С Грецией было иначе. «Британия должна быть ведущей средиземноморской державой», – сказал Черчилль, ожидая, что маршал Сталин позволит ему первым заговорить о Греции. Сталин не возражал, и Черчилль продолжил. Поскольку американцев «такое соглашение может шокировать», он сказал, что следует избегать использования термина «сферы влияния» или чего-то подобного. То, что произошло потом, по словам официального биографа Черчилля Мартина Гилберта, «установило политический баланс сил в Восточной Европе и на Балканах на несколько поколений вперед». Премьер-министр полез в карман и достал то, что он позже назвал «пустым документом»: список балканских государств и степени влияния, которое Великобритания и Советский Союз будут оказывать на каждое из них. «Что касается Великобритании и России, – сказал он, – то я предлагаю вам 90 % господства в Румынии в обмен на 90 % в Греции для Великобритании, а в Югославии – по 50 %». Ожидая, пока переводчик переведет это на русский язык, Черчилль взял лист бумаги, нарисовал проценты, а затем протянул рисунок Сталину через стол. Последовала небольшая пауза, затем Сталин нацарапал одобрительную галочку на рисунке и толкнул его обратно через стол. Последовала еще одна пауза, которая несколько затянулась.

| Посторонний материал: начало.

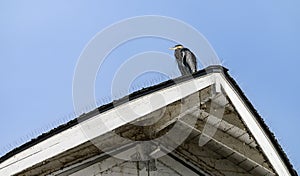 Great Blue Heron perched on the roof of a white barn and ignoring bird deterrent spikes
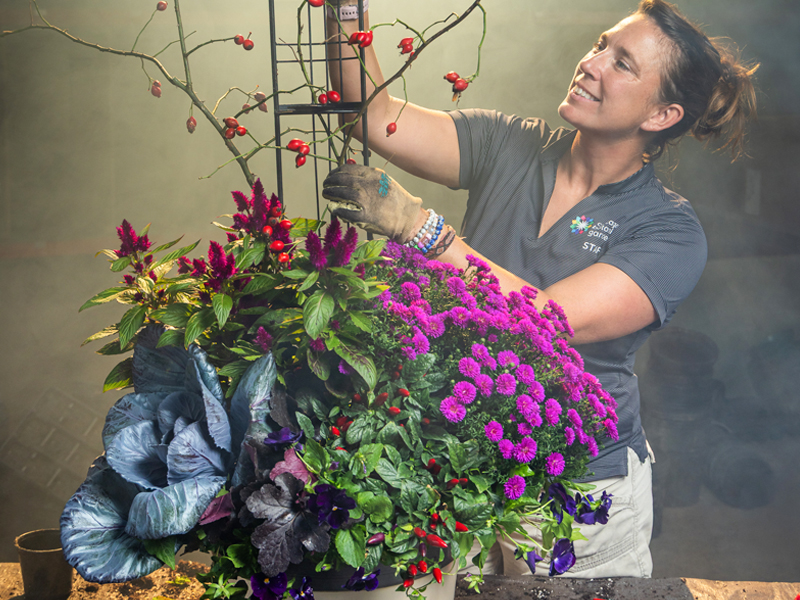 making the fall container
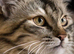 Hypoallergenic Siberian cat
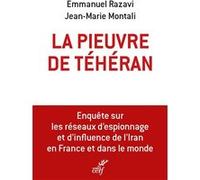 La pieuvre de Téhéran Emmanuel Razavi (Auteur), Jean-Marie Montali (Auteur)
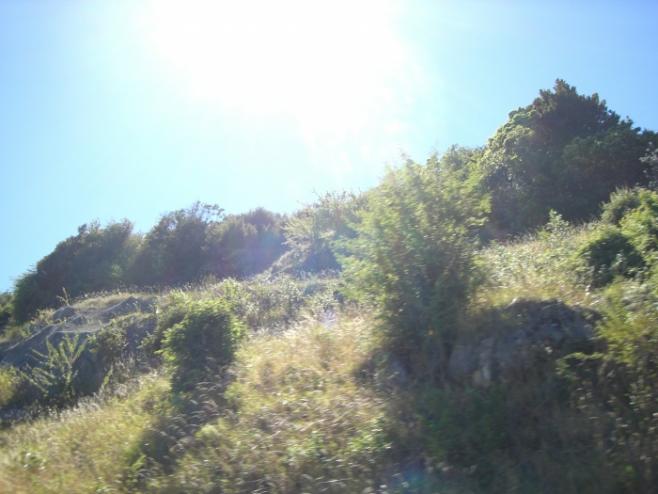 ニュージーランドの紫外線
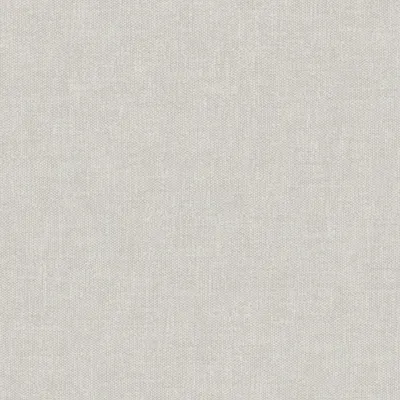 Loire Limewash swatch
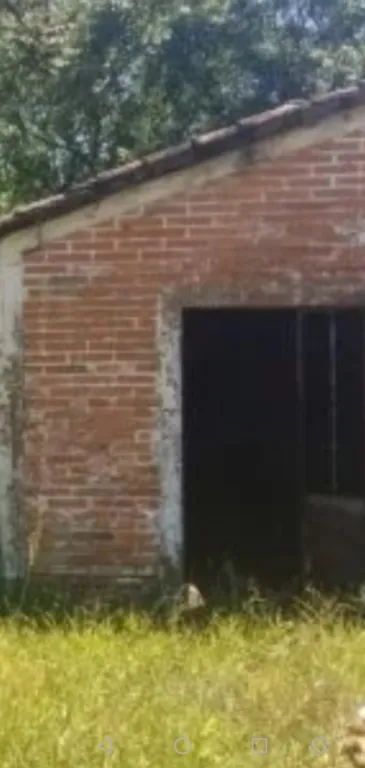 SON TERRENOS — foto 2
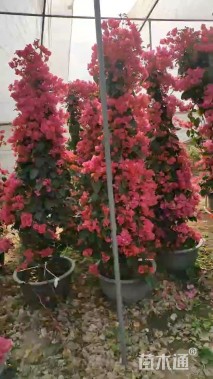 高度30厘米鹅掌柴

Наконец Черчилль прервал молчание вопросом:
– Разве не будет выглядеть циничным то, как беззаботно мы обошлись с этими судьбоносными для миллионов людей вопросами? Сожжем бумагу.
– Нет, – сказал Сталин. – Сохраните ее.
У польского вопроса не было такого простого решения. Претендентов на польское государство было два. Одним из них были лондонские поляки, лидеры довоенного правительства, которые бежали в Великобританию после падения Польши и стали польским правительством в изгнании. Другими претендентами на престол были люблинские поляки
[263]. Сталин намеревался передвинуть послевоенные границы СССР на запад, чтобы обеспечить буфер против будущего нападения Германии, и люблинские поляки были его любимым инструментом влияния. Они выполнят требования России на границе и будут заботиться о других ее интересах в Польше. Уинстон Черчилль, самый влиятельный голос Запада в польском вопросе, прибыл на Толстовскую конференцию в надежде сделать невозможное и предложить решение, которое удовлетворило бы и лондонских поляков, и люблинских, и, самое главное, Сталина. Рузвельт ясно дал понять, что американские войска после войны отправятся домой как можно скорее, а когда американцы уйдут, то между «белыми снегами Москвы и Белыми Скалами Дувра
[264]» не останется ничего, кроме горстки маленьких разоренных европейских стран и Франции с ее обескровленной армией и сильной коммунистической партией.
В сложившихся обстоятельствах, заключил Черчилль, лучше подружиться с медведем, чем бросать ему вызов. Двенадцатого октября Иден сообщил Министерству иностранных дел, что «мы с премьер-министром [пытались] убедить маршала Сталина, насколько важно в интересах англо-советских отношений урегулировать польский вопрос прямо сейчас. <…> Поляки из Лондона и Люблина должны договориться о создании нового межпартийного польского правительства. Если они откажутся или не смогут прийти к соглашению, британское и советское правительства, два великих союзника, вынуждены будут сами прийти к разумному урегулированию».
На следующий день, 13 октября, лидер лондонских поляков Станислав Миколайчик, его министр иностранных дел Тадеуш Ромер и председатель Национального совета Польши профессор Станислав Грабский прибыли в Москву для переговоров. Как и Сталин, Миколайчик был крестьянином по происхождению и политиком по профессии. Еще он был реалистом. Он прибыл в Кремль, ожидая, что Сталин потребует от него переговоров с люблинскими поляками, но не ожидал еще одного требования от советского лидера. «Если вы хотите иметь добрые отношения с советским правительством, – сказал он Миколайчику, – вы можете сделать это, только признав линию Керзона». История этой линии восходит к неудачной попытке революционной России в 1920 году распространить марксистскую доктрину в Польше. С помощью французов поляки отбили атаку, и на конференции 1921 года им была отдана большая часть Восточной Польши: 135 тысяч квадратных километров.